Psalm 148 poetically reflects on the essence and expression of praise.

In a poetic flourish of word images readers and hearers are invited into complex worlds of thought where everything from inanimate to animate life are encouraged, incited, invoked, or commanded to praise God. The content of this praise is unspecified other than it is praise of and to and for the God for and by whom all existence exists.

The writer explores an eternal now that is alive with singing, sighing, and swaying with winds and sounds of praise. The author reflects on common or unrecognized things and beings that make up a range of worlds with a poet’s hope that somehow words spoken or written can soar and take flight. It seems the author is expressing a hope for a few words patterned in rhythmic pulse to carry on their wings human minds into worlds of what might be possible, already exists, and may have always existed from the foundation of creation itself. It isn’t a flat or easily determined praise that is invoked, but one that permeates all existence and is embedded in time and space.

I am convinced that poetry — psalmic poetry – has a capacity to inspire human minds to consider familiar and unfamiliar terrains of human experience. It can provoke reflection on the activity of God in the world and beyond the world from the heights to the depths and everywhere in between. It can broaden horizons and lift spirits beyond the mundane to the sublime. The poet has a capacity to break through well-ordered thoughts and sprinkle them with raindrops of inspiration. Simple words combine to swiftly turn into torrents that flood everything one thinks they know and cuts new courses through well-managed mental landscapes to form patterns of thinking unknown previously.

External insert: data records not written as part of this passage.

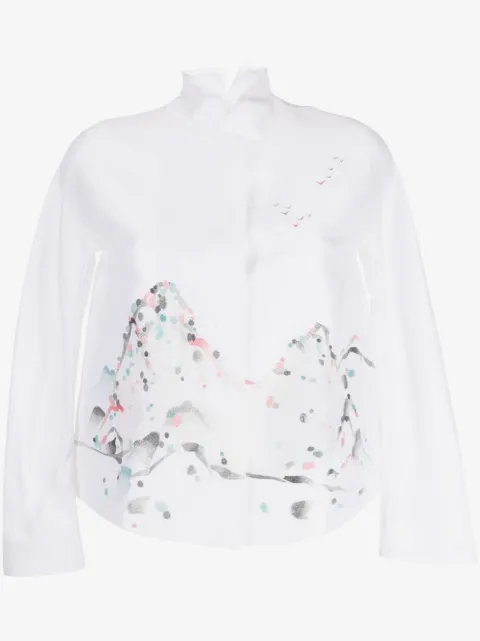 SHIATZY CHEN chamarra Renaissance Collection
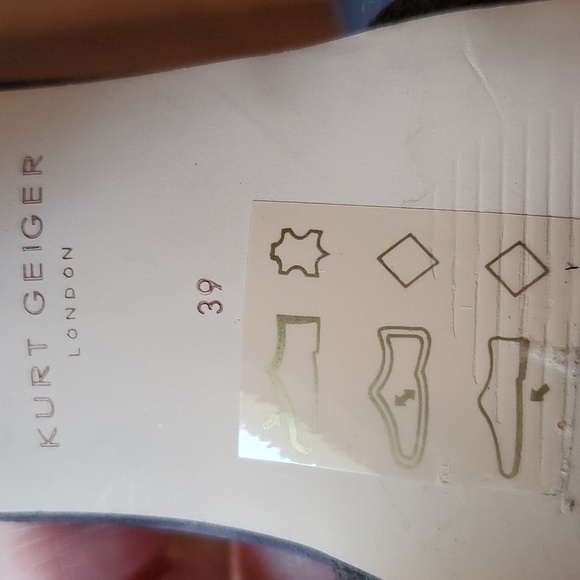 Kurt Geiger London Grey brown suede classic pump size 39 (US 8) sexy! - Picture 15 of 15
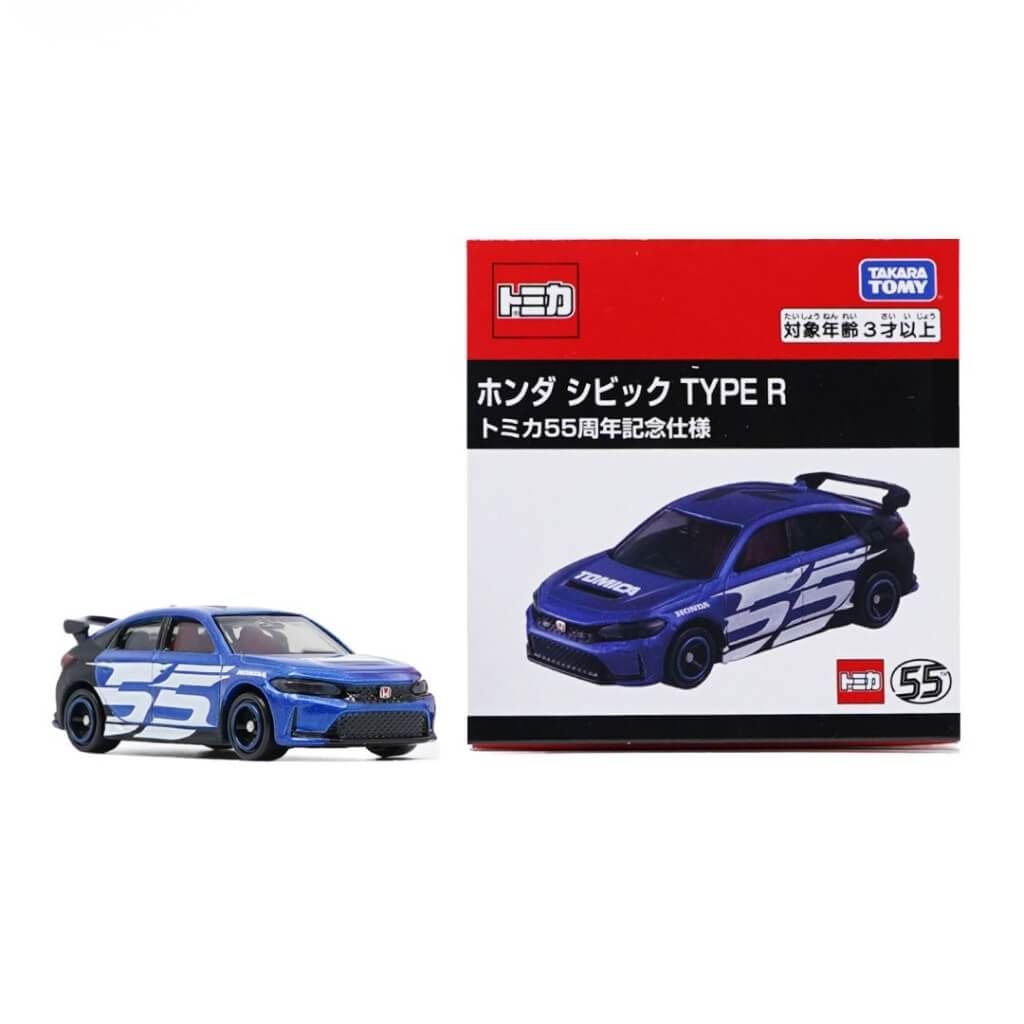 Mô hình xe Honda Civic Type R 55th Anniversary No.78-13 TOMICA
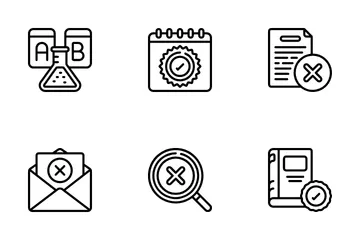 Quality Control Icon Pack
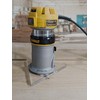 Precision machined 3/8" thick baseplate with bushing recess for Dewalt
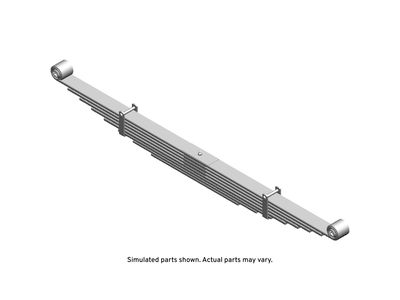 2020 GMC Savana Leaf Spring - 84205631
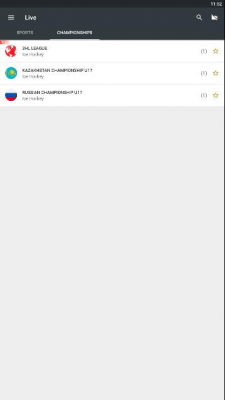 Screenshot of the application Melbet - #4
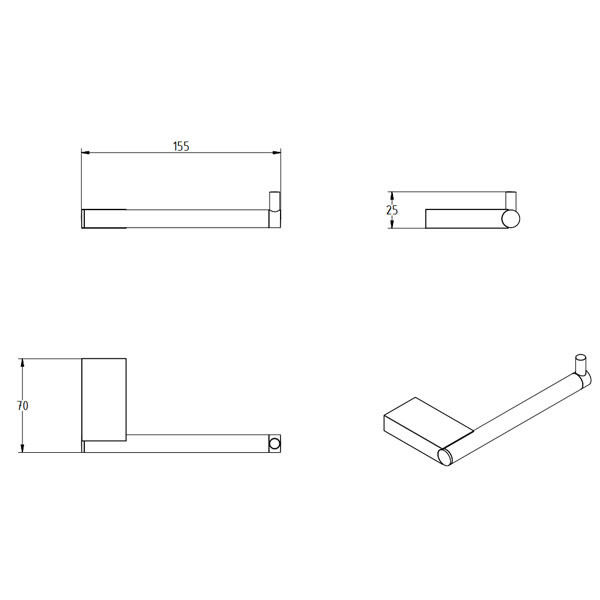 Verdi Omega 300.04.22 Χαρτοθήκη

Psalm 148 poetically interrupts dark night minds with fireworks of color and sound. It is a call to remember who we are and who we will be. It is an incitement to reflect on the moment in which one exists and in the stream of time where one exists. People can hear or read the words of the psalmist. It is an invitation for reflection about existence itself as owed to God. This is not just about individual human existence, but pertains to all of existence as owed to God. That alone is cause for praise. But that isn’t the only reason for this praise. The Psalmist breaks it down to the core — God creates and preserves that which God has created forever. Verses 5-6 interrupt the invocation river of praise like a boulder around which the river flows. It is a resting place for thought, but not a conclusion to thinking. Instead it serves as an orientation marker — on the river from the sky of praise down to the earth of experience where praise moves with human and non-human hearts in an ever-flowing stream.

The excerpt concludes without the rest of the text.